Below are the records; print exactly the lines from the one with "Nikon D5100 sample photo. 278 photography" through the last, both included, and leave the pictures out.

RECORDS FOR THIS TASK START

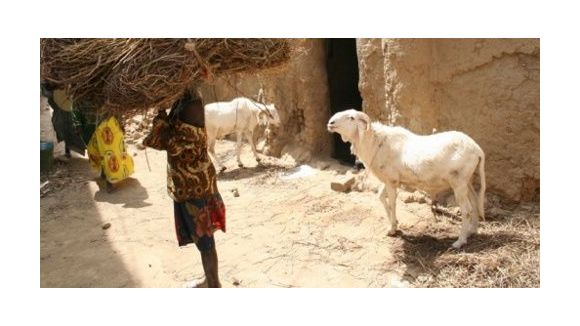 Mali : les islamistes mutilent les femmes non-voilées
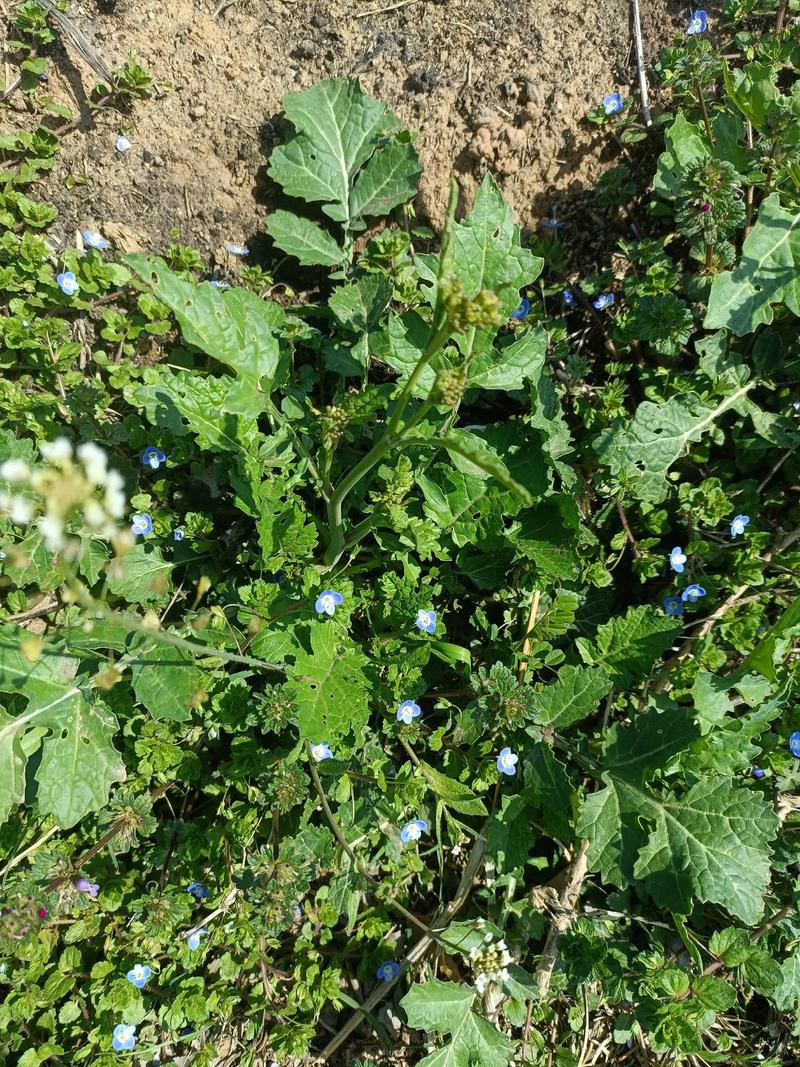 18种野菜治18种病？野菜偏方？-第1张图片-优品飞百科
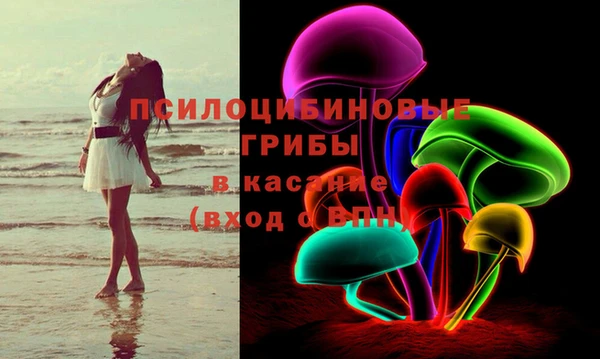 дурь Лагань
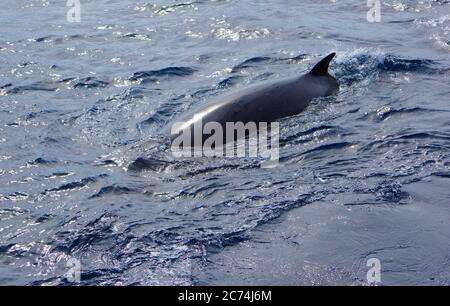 Antarktischer Minke Wal (Balaenoptera bonaerensis), schwimmend im Ozean nahe Antarktis, Antarktis Stockfoto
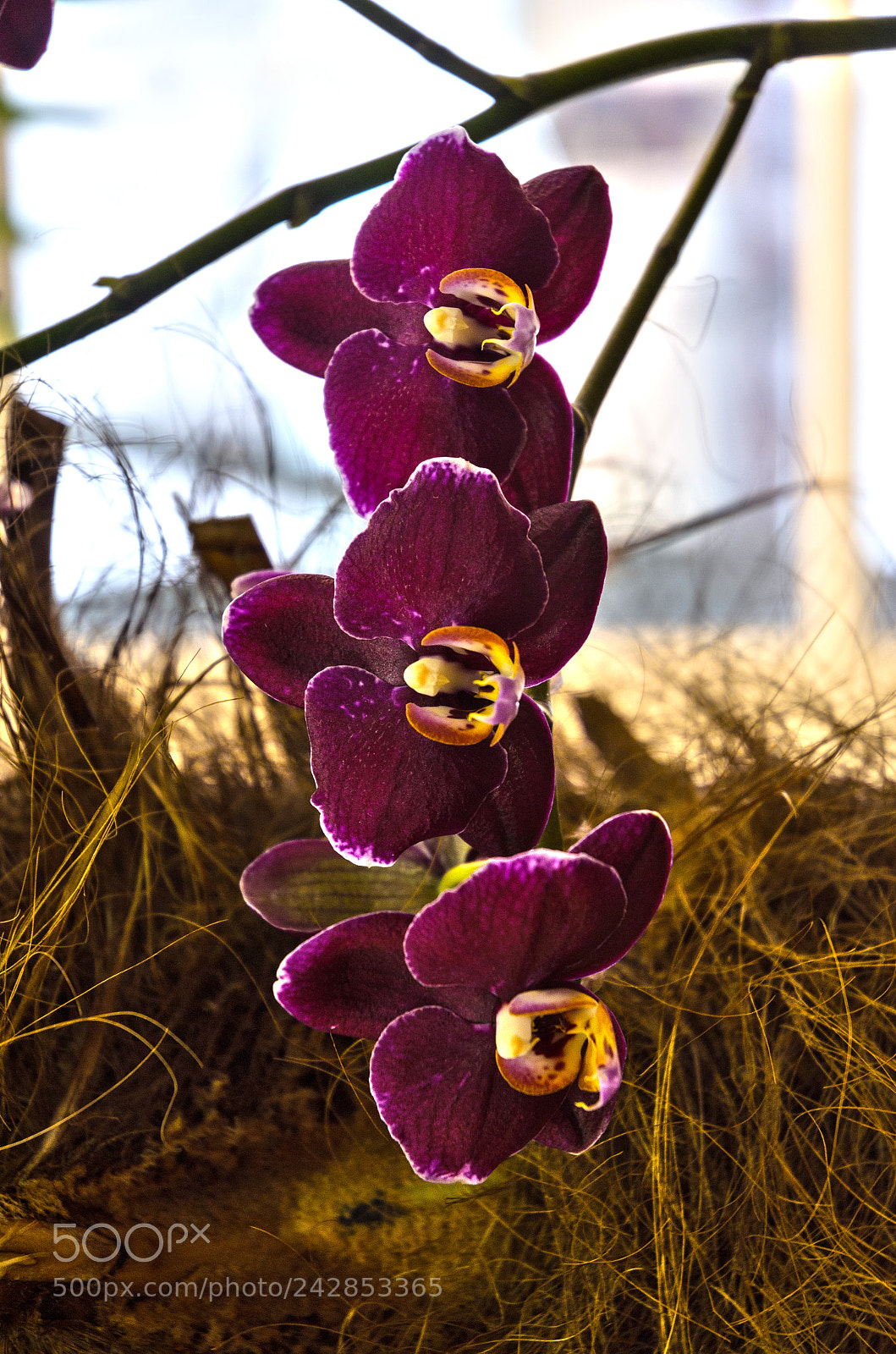 Nikon D5100 sample photo. 278 photography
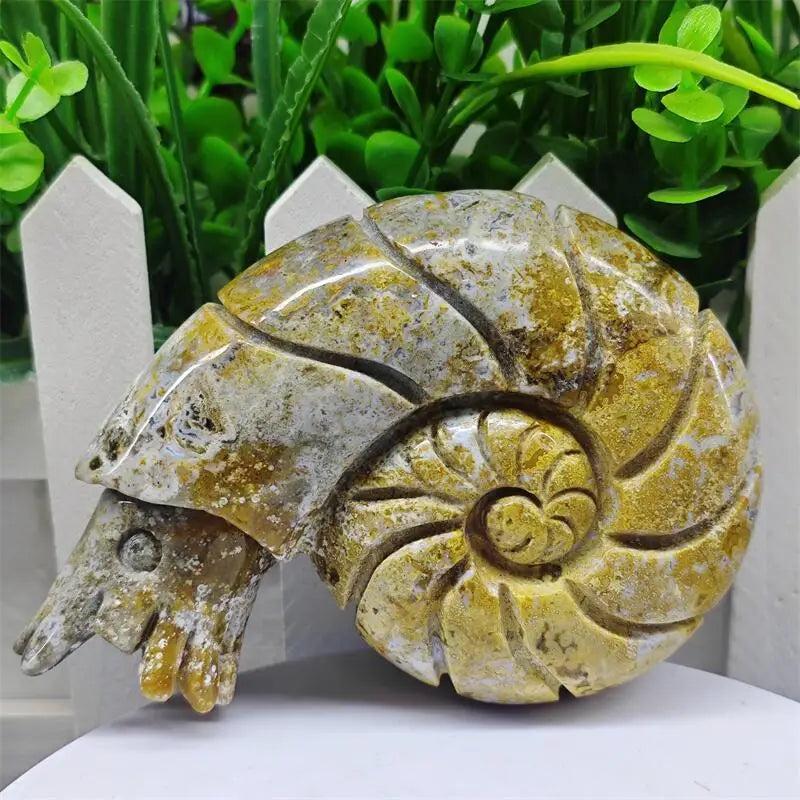 Polished Ocean Jasper snail conch sculpture featuring vibrant multicolor orbs for healing, prosperity, and joy.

RECORDS FOR THIS TASK END

FINAL ANSWER →
 Nikon D5100 sample photo. 278 photography
 Polished Ocean Jasper snail conch sculpture featuring vibrant multicolor orbs for healing, prosperity, and joy.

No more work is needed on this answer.